= Task objective =
Beginning with the line below that contains "Martin Schwartz : Aarhus (1000)" and ending with the line that contains "Belkin Fiber Optic", retype every line exactly. Pictures are not copied.

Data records
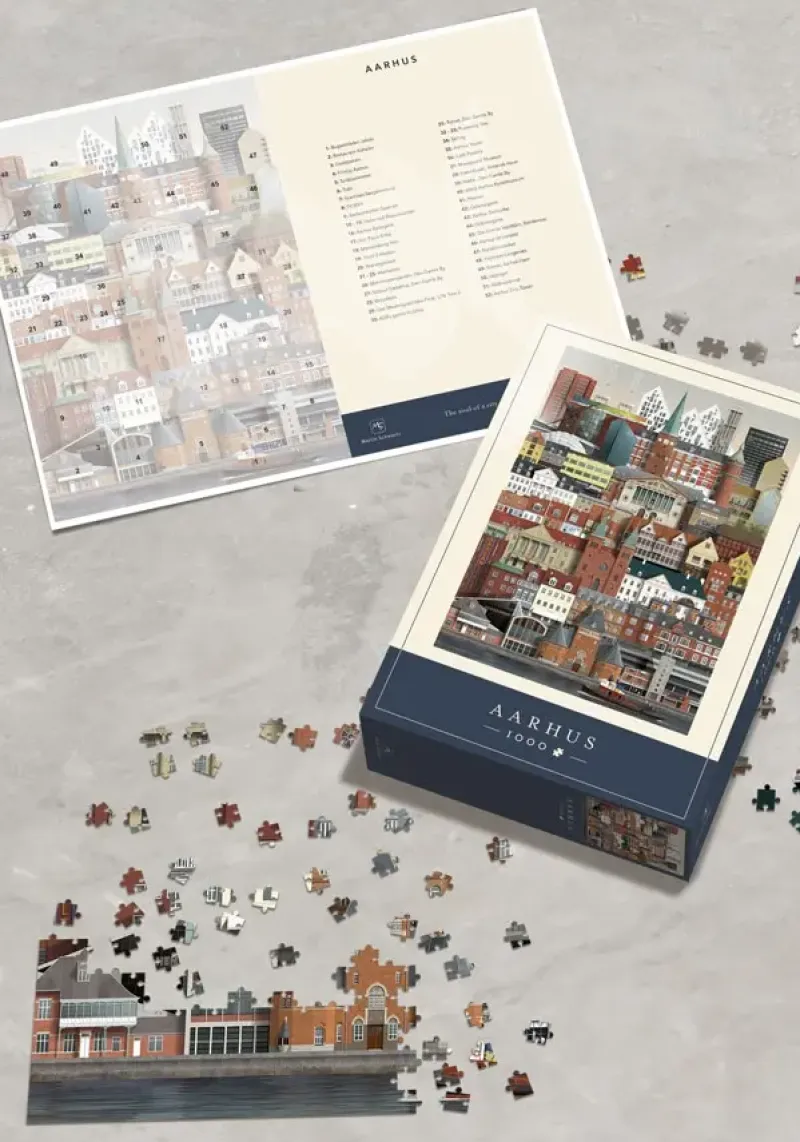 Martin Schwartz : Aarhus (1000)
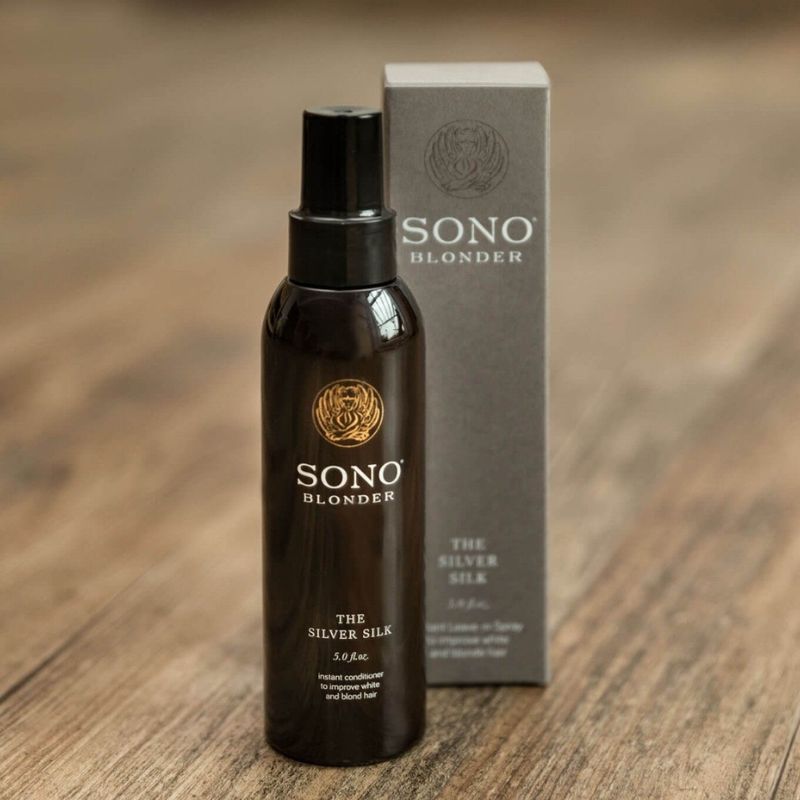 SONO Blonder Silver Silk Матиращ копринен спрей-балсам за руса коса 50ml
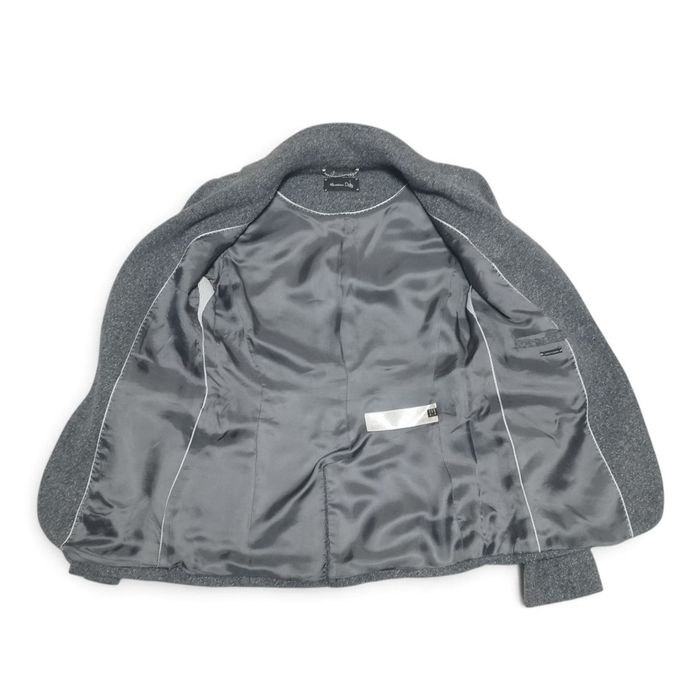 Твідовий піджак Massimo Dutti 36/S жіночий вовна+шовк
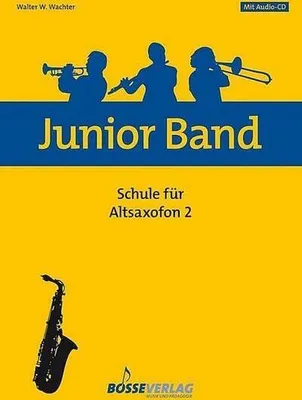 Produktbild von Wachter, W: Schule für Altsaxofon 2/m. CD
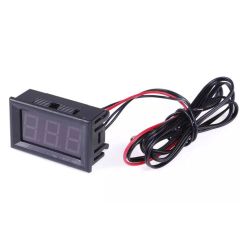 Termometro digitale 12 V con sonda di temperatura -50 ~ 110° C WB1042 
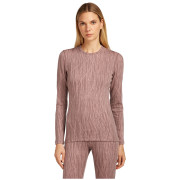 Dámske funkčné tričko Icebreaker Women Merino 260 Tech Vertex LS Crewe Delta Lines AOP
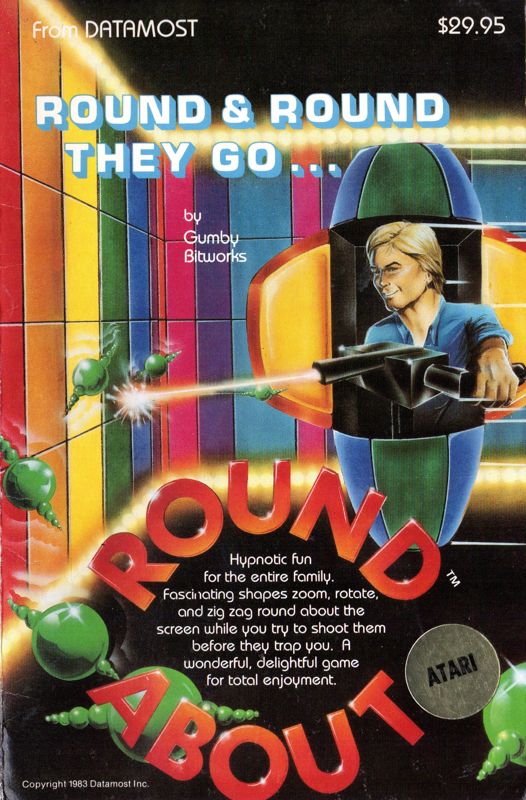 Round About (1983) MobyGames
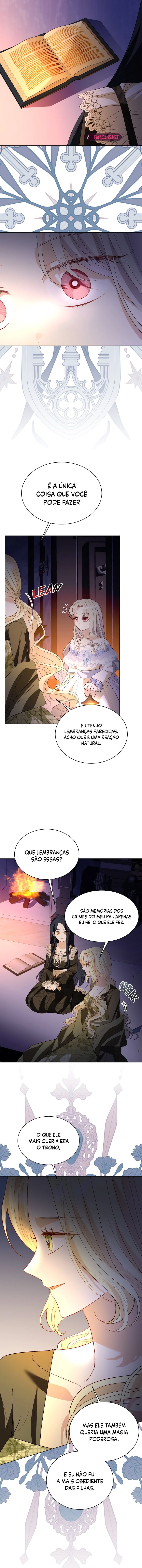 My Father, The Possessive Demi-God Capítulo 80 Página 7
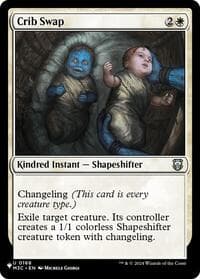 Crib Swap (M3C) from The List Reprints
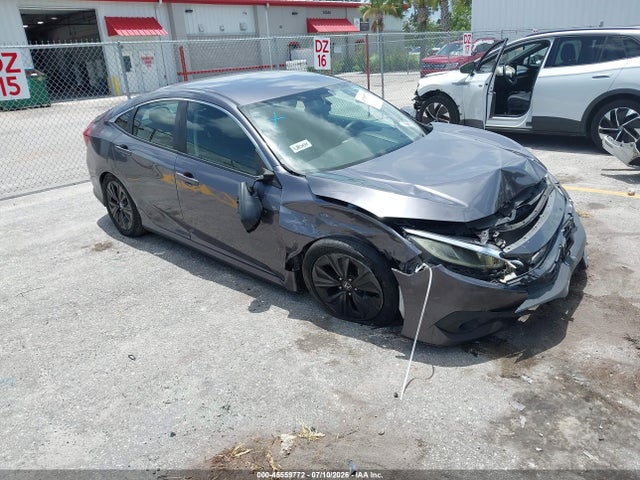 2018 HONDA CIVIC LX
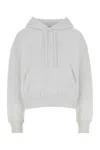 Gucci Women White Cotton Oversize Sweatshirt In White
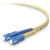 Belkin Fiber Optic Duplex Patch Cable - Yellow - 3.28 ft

--

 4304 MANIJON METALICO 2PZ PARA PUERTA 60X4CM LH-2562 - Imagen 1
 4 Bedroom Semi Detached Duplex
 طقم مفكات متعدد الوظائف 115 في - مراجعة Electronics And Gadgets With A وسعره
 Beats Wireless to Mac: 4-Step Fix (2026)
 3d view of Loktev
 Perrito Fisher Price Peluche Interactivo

= Solution below =
 Martin Schwartz : Aarhus (1000)
 SONO Blonder Silver Silk Матиращ копринен спрей-балсам за руса коса 50ml
 Твідовий піджак Massimo Dutti 36/S жіночий вовна+шовк
 Produktbild von Wachter, W: Schule für Altsaxofon 2/m. CD
 Termometro digitale 12 V con sonda di temperatura -50 ~ 110° C WB1042 
 Dámske funkčné tričko Icebreaker Women Merino 260 Tech Vertex LS Crewe Delta Lines AOP
 Round About (1983) MobyGames
 My Father, The Possessive Demi-God Capítulo 80 Página 7
 Crib Swap (M3C) from The List Reprints
 2018 HONDA CIVIC LX
 Gucci Women White Cotton Oversize Sweatshirt In White
 Belkin Fiber Optic Duplex Patch Cable - Yellow - 3.28 ft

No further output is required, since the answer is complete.